SIMPLE SUMMARY: The combination of disulfiram and copper is a novel anti-cancer drug under clinical development for the treatment of several tumor types including hepatocellular carcinoma. In this study, we investigated the potential of disulfiram and copper to induce immunogenic cell death and whether it could enhance the efficacy of immune checkpoint blockade. Our results showed that treatment with disulfiram and copper induced the release of damage-associated molecular patterns, such as calreticulin, ATP, and high mobility group box 1; thus, eliciting the maturation and activation of dendritic cells. The treatment with disulfiram and copper further enhanced the efficacy of CD47 blockade. Mechanically, disulfiram and copper promoted the nuclear accumulation and aggregation of nuclear protein localization protein 4 to inhibit the ubiquitin-proteasome system, thus, inducing endoplasmic reticulum stress. Taken together, the present findings suggest the potential clinical applications of disulfiram and copper in hepatocellular carcinoma. ABSTRACT: Some chemotherapeutic agents have been found to enhance antitumor immunity by inducing immunogenic cell death (ICD). The combination of disulfiram (DSF) and copper (Cu) has demonstrated anti-tumor effects in a range of malignancies including hepatocellular carcinoma (HCC). However, the potential of DSF/Cu as an ICD inducer and whether it can enhance the efficacy of the immune checkpoint blockade in HCC remains unknown. Here, we showed that DSF/Cu-treated HCC cells exhibited characteristics of ICD in vitro, such as calreticulin (CRT) exposure, ATP secretion, and high mobility group box 1 (HMGB1) release. DSF/Cu-treated HCC cells elicited significant immune memory in a vaccination assay. DSF/Cu treatment promoted dendritic cell activation and maturation. The combination of DSF/Cu and CD47 blockade further facilitated DC maturation and subsequently enhanced CD8(+) T cell cytotoxicity.

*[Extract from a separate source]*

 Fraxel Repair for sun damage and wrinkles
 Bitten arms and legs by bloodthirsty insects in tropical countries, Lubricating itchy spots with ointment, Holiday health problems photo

Mechanically, DSF/Cu promoted the nuclear accumulation and aggregation of nuclear protein localization protein 4 (NPL4) to inhibit the ubiquitin-proteasome system; thus, inducing endoplasmic reticulum (ER) stress. The inhibition of NPL4 induced ICD-associated damage-associated molecular patterns. Collectively, our findings demonstrated that DSF/Cu-induced ICD-mediated immune activation in HCC enhanced the efficacy of CD47 blockade.